I'm seeing a build up of files left behind in $SPLUNK_HOME/var/spool/splunk. This location is part of the system/default inputs.conf, pulling in data in "sinkhole" mode. This should mean that the files there are loaded destructively. Furthermore, the documentation states
As long as this is set, Splunk won't keep track of indexed files. Without the "move_policy = sinkhole" setting, it won't load the files destructively and will keep a track of them.
When attempting to figure out why I still have files within the spool directory, I've issued a search on the REST endpoint:
| rest /services/admin/inputstatus/TailingProcessor:FileStatus splunk_server=<my_server> | transpose | search column="*\\var\\spool\\splunk\\*.type"
I'm seeing results indicating "finished reading" (good), but the filename mentioned is still present in the directory. In addition, I'm seeing cases where the status reads "ignored file (crc conflict, needs crcSalt)". This latter case would seem to countermand the documentation saying that Splunk won't track files in a sinkhole location.
In any event, I'd like to understand why my spool directory is filling up, both with things Splunk has indexed, as well as things it refuses to index!
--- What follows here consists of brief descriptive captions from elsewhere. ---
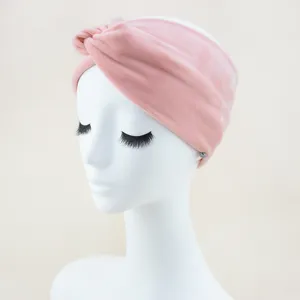 Close-up detail of the soft pink velvet knotted headband, comfortable wide hair accessory.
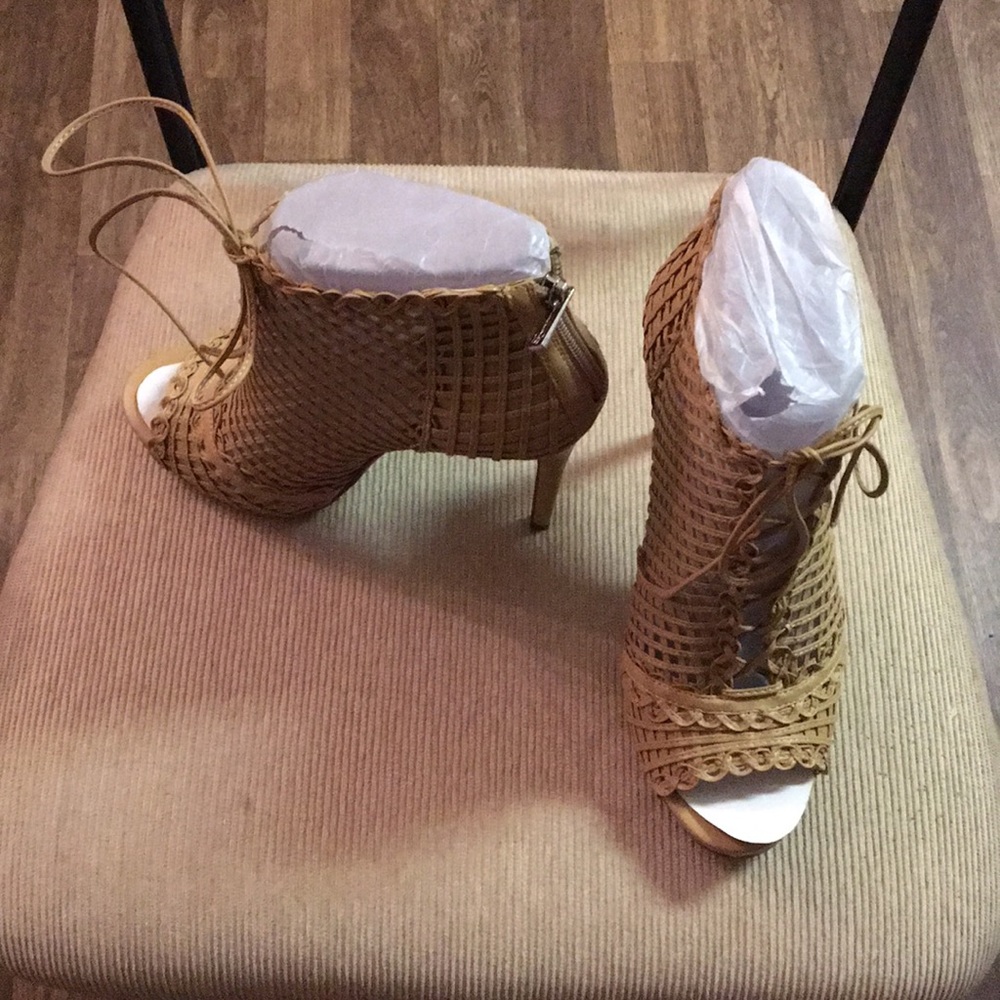 Nude colored lace up peep-toe booties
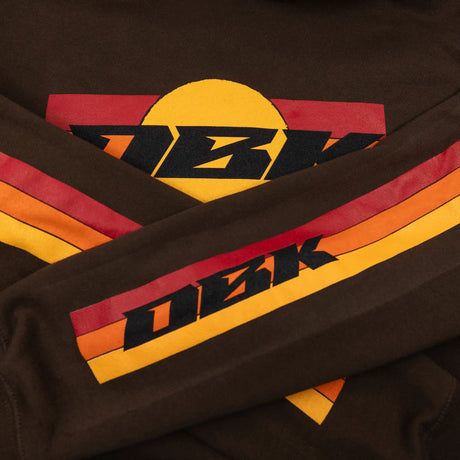 Brown youth hoodie close-up of sleeve stripe with DKB lettering in orange and red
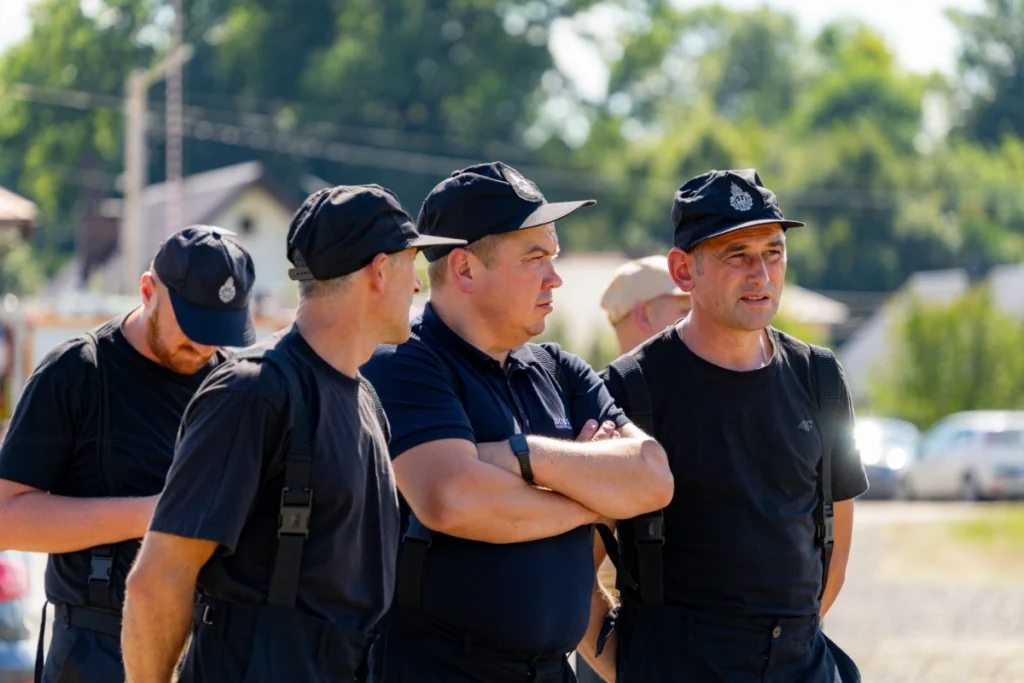 Firefighters in black uniforms and caps stand talking in a group on the square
Version is Splunk 4.3.4 on Windows.
Any help appreciated.
You might be experiencing bug SPL-59578, which is fixed in 4.3.6 and expected to be resolved in 5.0.3. I would recommend to upgrade to one of these versions and watch for the issue again. Let me know if I guessed correctly 🙂
Could you show us the $SPLUNK_HOME/var/spool/splunk
stanza as seen in the output of $SPLUNK_HOME/bin/splunk cmd btool inputs list --debug
?
Something else you might want to do in order to troubleshoot this issue is to bump TailingProcessor, WatchedFile and BatchReader to DEBUG log.cfg. The next time you spot a spool file that hasn't been processed, check splunkd.log and look for the affected file name there.